-------- Source material --------

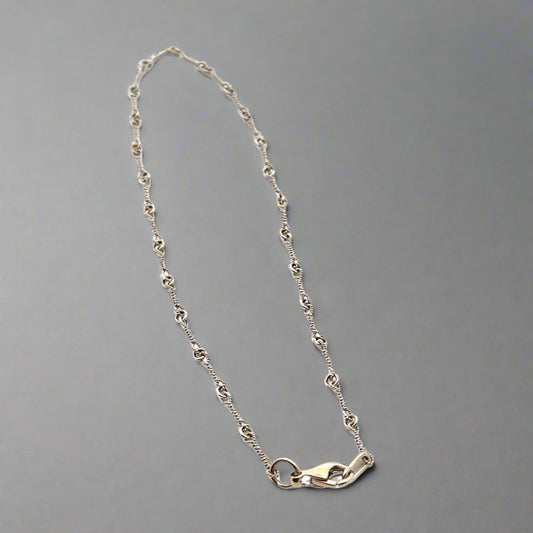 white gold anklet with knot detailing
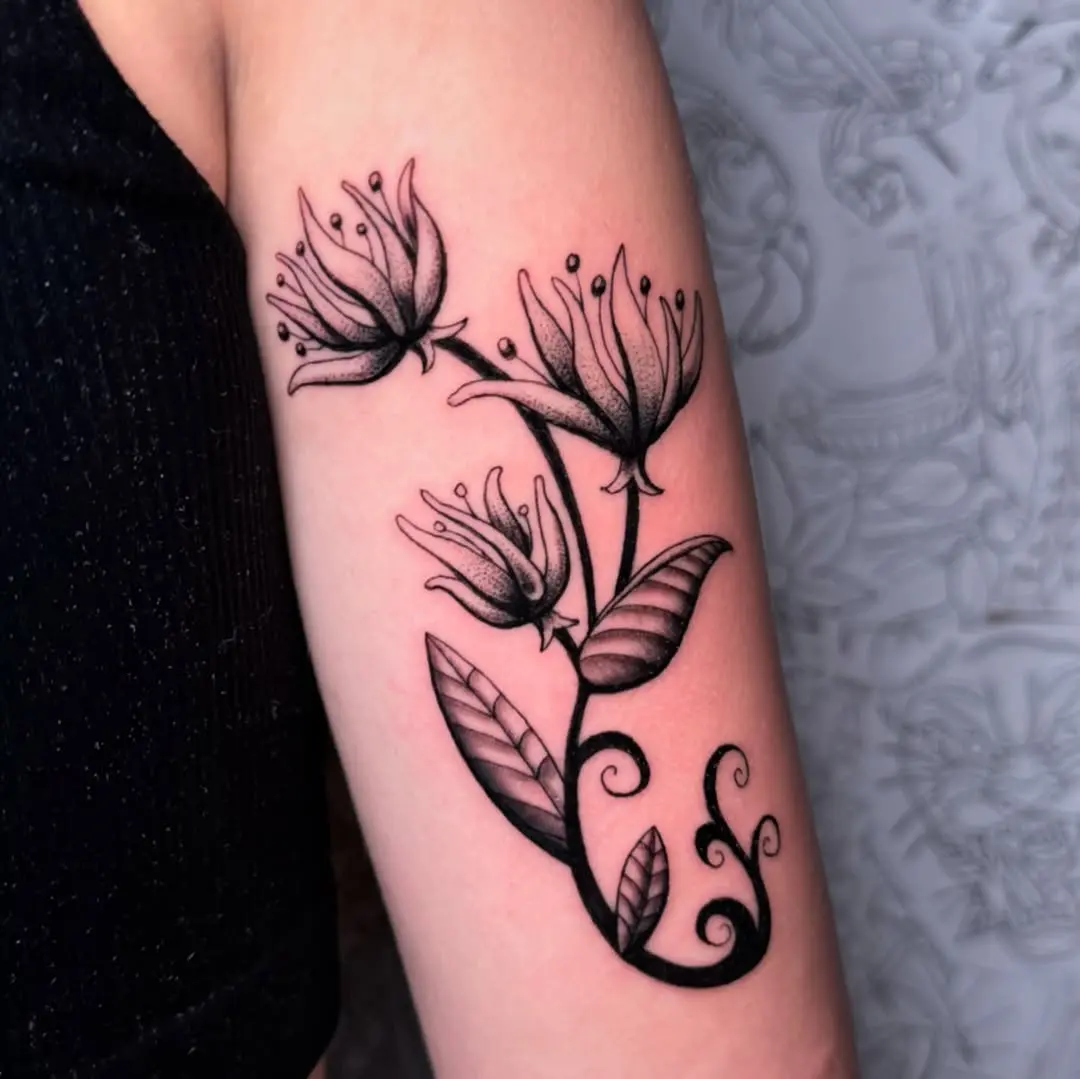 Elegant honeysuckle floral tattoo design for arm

--------
-------- Source material --------

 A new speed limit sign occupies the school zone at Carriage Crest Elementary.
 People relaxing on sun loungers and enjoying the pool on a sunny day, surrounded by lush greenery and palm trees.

--------

▸ Exercise aim:
Within the material above, transcribe exactly the lines that run from the line holding "A new speed" through the line holding "People relaxing on".

▸ Answer below:
 A new speed limit sign occupies the school zone at Carriage Crest Elementary.
 People relaxing on sun loungers and enjoying the pool on a sunny day, surrounded by lush greenery and palm trees.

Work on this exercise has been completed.